[Items from a dataset]

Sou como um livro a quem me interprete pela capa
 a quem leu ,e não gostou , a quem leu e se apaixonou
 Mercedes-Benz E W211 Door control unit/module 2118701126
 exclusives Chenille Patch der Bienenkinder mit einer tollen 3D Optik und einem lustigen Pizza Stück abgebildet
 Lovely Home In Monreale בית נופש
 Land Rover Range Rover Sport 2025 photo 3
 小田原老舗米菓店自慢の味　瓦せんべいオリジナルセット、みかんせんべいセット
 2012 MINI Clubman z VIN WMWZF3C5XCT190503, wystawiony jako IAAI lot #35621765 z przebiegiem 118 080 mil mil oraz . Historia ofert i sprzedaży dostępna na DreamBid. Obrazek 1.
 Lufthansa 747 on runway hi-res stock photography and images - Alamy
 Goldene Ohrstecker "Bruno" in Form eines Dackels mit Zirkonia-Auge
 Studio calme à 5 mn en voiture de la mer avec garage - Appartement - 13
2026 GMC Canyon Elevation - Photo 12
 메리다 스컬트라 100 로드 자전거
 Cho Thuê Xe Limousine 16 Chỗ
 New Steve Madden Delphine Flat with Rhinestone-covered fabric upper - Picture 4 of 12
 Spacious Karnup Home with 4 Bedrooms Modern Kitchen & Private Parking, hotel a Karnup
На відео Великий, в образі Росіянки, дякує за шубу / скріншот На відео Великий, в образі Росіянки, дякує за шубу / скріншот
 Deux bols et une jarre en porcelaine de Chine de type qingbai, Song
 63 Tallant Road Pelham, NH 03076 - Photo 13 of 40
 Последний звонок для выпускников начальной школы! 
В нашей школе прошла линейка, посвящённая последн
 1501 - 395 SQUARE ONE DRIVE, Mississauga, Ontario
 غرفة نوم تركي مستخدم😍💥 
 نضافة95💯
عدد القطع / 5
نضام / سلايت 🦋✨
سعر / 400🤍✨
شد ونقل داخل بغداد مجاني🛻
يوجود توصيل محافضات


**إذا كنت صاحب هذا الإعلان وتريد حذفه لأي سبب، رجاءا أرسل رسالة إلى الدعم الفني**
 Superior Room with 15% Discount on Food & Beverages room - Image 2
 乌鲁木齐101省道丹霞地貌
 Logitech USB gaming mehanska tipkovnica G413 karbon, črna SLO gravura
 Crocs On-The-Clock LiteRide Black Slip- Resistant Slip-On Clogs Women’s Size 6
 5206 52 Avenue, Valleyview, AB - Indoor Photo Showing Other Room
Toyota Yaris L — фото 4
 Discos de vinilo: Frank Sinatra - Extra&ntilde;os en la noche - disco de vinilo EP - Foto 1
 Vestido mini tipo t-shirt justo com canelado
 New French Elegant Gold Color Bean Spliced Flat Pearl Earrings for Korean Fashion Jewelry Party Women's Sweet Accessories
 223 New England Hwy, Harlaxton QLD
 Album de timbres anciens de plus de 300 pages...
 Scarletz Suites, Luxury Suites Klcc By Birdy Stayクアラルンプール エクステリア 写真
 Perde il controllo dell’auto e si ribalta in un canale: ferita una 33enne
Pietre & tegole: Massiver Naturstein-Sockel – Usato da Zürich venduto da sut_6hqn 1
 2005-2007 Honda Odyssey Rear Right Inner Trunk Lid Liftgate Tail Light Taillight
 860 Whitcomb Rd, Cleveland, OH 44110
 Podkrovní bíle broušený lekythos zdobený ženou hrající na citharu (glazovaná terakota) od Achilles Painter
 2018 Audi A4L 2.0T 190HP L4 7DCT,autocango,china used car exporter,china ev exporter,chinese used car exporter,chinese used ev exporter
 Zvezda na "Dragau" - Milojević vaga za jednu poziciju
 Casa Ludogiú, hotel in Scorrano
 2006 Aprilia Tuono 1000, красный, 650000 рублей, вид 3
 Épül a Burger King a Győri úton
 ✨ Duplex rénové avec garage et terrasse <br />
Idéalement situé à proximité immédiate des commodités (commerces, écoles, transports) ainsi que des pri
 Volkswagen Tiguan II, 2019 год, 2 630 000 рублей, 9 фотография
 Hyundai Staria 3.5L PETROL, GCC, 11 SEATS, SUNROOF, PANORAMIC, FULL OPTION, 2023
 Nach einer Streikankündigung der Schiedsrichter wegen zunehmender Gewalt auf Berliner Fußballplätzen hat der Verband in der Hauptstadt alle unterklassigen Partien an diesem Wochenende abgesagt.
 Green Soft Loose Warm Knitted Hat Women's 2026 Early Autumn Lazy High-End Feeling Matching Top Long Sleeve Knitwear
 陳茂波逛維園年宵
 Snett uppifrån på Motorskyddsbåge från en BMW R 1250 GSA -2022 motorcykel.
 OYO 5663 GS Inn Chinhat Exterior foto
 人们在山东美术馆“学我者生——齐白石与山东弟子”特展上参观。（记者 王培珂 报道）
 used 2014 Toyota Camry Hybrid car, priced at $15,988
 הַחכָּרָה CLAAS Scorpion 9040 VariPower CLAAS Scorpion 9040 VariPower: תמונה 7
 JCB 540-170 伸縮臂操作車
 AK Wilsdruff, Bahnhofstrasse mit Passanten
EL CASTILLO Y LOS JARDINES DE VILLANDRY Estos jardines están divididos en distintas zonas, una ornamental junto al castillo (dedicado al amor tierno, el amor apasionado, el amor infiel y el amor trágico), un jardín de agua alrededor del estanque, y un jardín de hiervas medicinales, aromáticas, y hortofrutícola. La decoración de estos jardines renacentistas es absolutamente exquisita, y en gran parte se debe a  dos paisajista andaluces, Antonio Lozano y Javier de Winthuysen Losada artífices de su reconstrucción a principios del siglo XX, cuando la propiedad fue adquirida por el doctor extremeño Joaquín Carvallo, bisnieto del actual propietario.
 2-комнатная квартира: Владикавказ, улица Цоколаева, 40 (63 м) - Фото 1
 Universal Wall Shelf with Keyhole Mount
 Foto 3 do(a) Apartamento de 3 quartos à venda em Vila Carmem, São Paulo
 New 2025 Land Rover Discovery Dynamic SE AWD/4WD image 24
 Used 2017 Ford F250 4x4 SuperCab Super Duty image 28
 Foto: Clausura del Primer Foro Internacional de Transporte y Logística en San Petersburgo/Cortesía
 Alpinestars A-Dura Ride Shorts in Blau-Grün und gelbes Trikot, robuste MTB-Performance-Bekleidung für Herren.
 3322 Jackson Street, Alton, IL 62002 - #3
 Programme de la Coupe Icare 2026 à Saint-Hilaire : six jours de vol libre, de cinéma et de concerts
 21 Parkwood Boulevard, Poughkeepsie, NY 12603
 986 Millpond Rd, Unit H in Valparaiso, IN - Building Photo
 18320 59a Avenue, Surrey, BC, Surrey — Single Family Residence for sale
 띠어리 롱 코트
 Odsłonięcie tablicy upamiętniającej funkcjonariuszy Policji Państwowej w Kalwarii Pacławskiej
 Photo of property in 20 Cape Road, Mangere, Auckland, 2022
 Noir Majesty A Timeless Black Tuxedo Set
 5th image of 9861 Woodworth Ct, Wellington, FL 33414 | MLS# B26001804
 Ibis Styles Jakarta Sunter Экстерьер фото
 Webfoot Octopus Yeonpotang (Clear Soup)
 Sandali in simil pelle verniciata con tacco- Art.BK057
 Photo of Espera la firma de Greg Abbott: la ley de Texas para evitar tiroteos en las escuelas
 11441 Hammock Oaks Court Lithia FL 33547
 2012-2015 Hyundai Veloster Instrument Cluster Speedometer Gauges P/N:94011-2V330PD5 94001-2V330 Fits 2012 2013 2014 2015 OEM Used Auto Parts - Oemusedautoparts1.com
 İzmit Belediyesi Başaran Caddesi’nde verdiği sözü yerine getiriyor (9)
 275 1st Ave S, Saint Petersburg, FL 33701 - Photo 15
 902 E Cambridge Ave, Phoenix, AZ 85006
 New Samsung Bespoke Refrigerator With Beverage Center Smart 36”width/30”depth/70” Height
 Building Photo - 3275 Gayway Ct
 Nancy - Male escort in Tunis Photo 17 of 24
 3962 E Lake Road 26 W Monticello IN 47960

- **WHAT YOU NEED TO DO**
Using only the entries above, output the line with "5th image of", the line with "Building Photo - 3275 Gayway Ct", and all lines between them, exactly as they stand.

- **RESULT OF THE EXERCISE**
 5th image of 9861 Woodworth Ct, Wellington, FL 33414 | MLS# B26001804
 Ibis Styles Jakarta Sunter Экстерьер фото
 Webfoot Octopus Yeonpotang (Clear Soup)
 Sandali in simil pelle verniciata con tacco- Art.BK057
 Photo of Espera la firma de Greg Abbott: la ley de Texas para evitar tiroteos en las escuelas
 11441 Hammock Oaks Court Lithia FL 33547
 2012-2015 Hyundai Veloster Instrument Cluster Speedometer Gauges P/N:94011-2V330PD5 94001-2V330 Fits 2012 2013 2014 2015 OEM Used Auto Parts - Oemusedautoparts1.com
 İzmit Belediyesi Başaran Caddesi’nde verdiği sözü yerine getiriyor (9)
 275 1st Ave S, Saint Petersburg, FL 33701 - Photo 15
 902 E Cambridge Ave, Phoenix, AZ 85006
 New Samsung Bespoke Refrigerator With Beverage Center Smart 36”width/30”depth/70” Height
 Building Photo - 3275 Gayway Ct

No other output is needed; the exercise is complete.